Dec 19, 2017 | 2:15 AM

OTTAWA — Justin Trudeau’s Liberals are ushering out 2017 the same way they rang it in: in the midst of controversy over ethics and alleged elitism.

But as much as the prime minister doubtless wants to turn that page, government insiders say he has no intention of hitting the reset button in the new year.

He won’t shuffle his cabinet or prorogue Parliament and come back with a throne speech laying out a new agenda for the second half of his four-year mandate — the traditional ways governments try to signal a fresh start.

Rather, 2018 will be devoted to delivering on the agenda Trudeau’s Liberals were elected on — “a year of relentless implementation,” in the words of one insider, who spoke strictly on background.

In other words, a continued focus on spurring economic growth and job creation to ensure a more comfortable future for the middle class “and those working hard to join it,” as Liberals never tire of saying.

That means a budget that once again emphasizes investments in infrastructure and preparing Canadians for a changing economy, where advances in artificial intelligence and other technologies threaten traditional jobs.

It means getting the infrastructure bank, created this year, up and running and leveraging private capital for projects that governments alone can’t afford.

It means hosting a G7 leaders’ summit in June that focuses on “investing in growth that works for everyone,” preparing for the jobs of the future and advancing gender equality, among other things.

And it means hosting for the first time both the Fortune Global Forum, a prestigious invitation-only gathering of the world’s business elite, and the companion Most Powerful Women Summit.

All of it aimed at perpetuating the good economic news that dominated 2017: fastest growth among G7 countries, more than 400,000 jobs created, lowest unemployment rate since 2008.

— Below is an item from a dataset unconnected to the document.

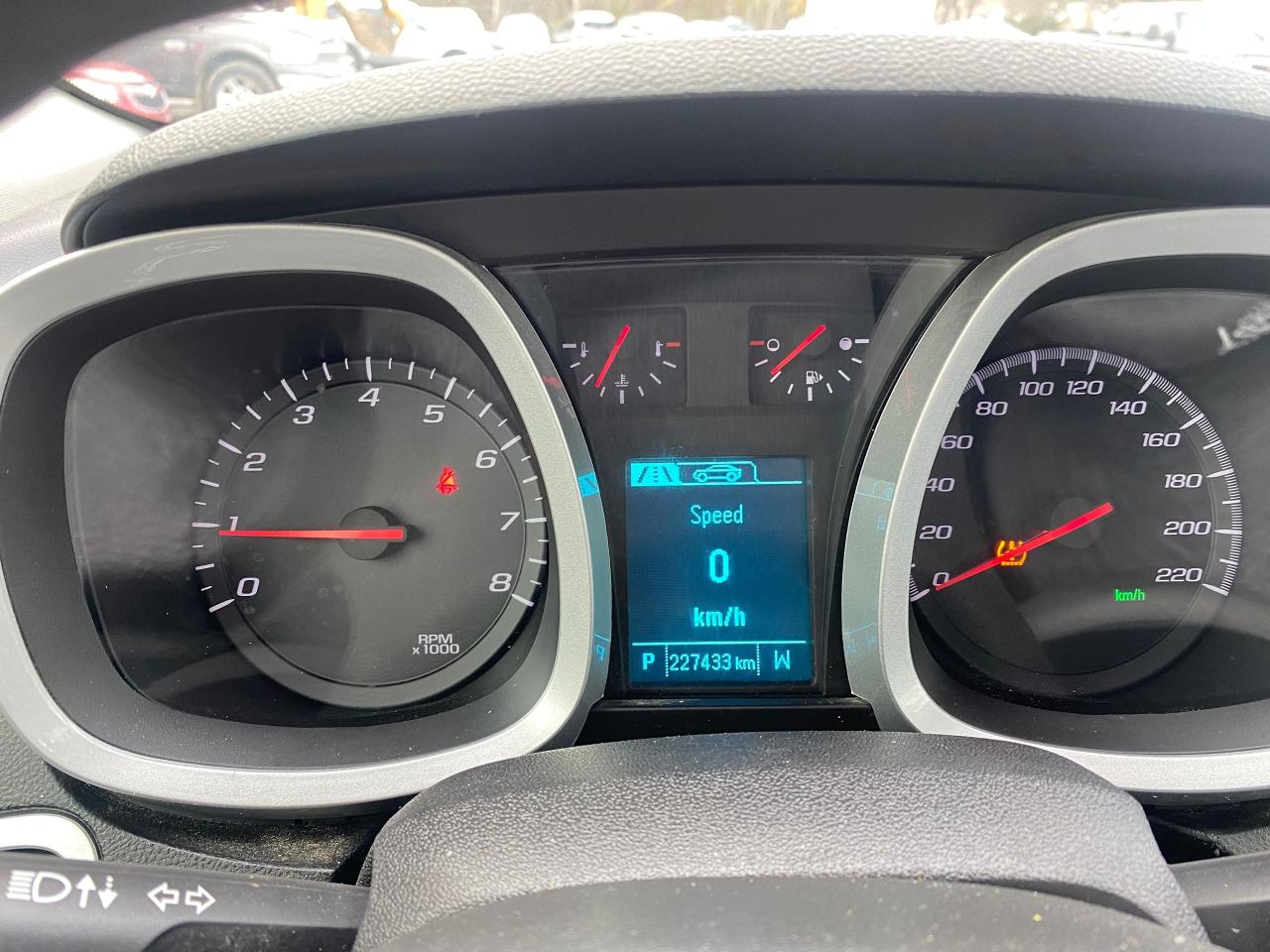 2015 Chevrolet Equinox LS - Photo #5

That’s the kind of positive results Liberals contend can be felt by real people. And it’s why they believe they’ve been able to weather storms over ethics, reneging on Trudeau’s signature promise to reform the electoral system, small business tax reform and Canada Revenue Agency crackdowns on diabetics and others — despite the best efforts of Conservatives and New Democrats who’ve been relentless in their pursuit of anything that suggests Trudeau and his ministers are wealthy elitists out of touch with the very middle class they profess to champion.

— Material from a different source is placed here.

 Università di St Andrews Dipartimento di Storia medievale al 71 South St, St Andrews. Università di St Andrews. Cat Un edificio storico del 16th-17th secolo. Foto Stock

On that score, the Liberals have handed the opposition parties and their newly-minted leaders plenty of ammunition throughout the year, starting with the revelation that Trudeau and his family vacationed last Christmas on the private Bahamian island owned by the Aga Khan, multi-billionaire philanthropist and spiritual leader to the world’s Shia Ismaili Muslims.

Trudeau is still under investigation by federal ethics watchdog Mary Dawson for using the Aga Khan’s private helicopter to get to the island, without prior permission from her as required by the Conflict of Interest Act.

A year later, the book on that saga is not yet closed. It remains to be seen whether Dawson will rule on the matter before her thrice-extended term expires on Jan. 8 and, if not, whether her successor, Mario Dion, will choose to pursue it.

The Liberals’ image as champions of the middle class took another self-inflicted hit in the summer, when Finance Minister Bill Morneau announced tax reform proposals he maintained were aimed at stopping the wealthy from using incorporation of their small businesses to gain unfair tax advantages.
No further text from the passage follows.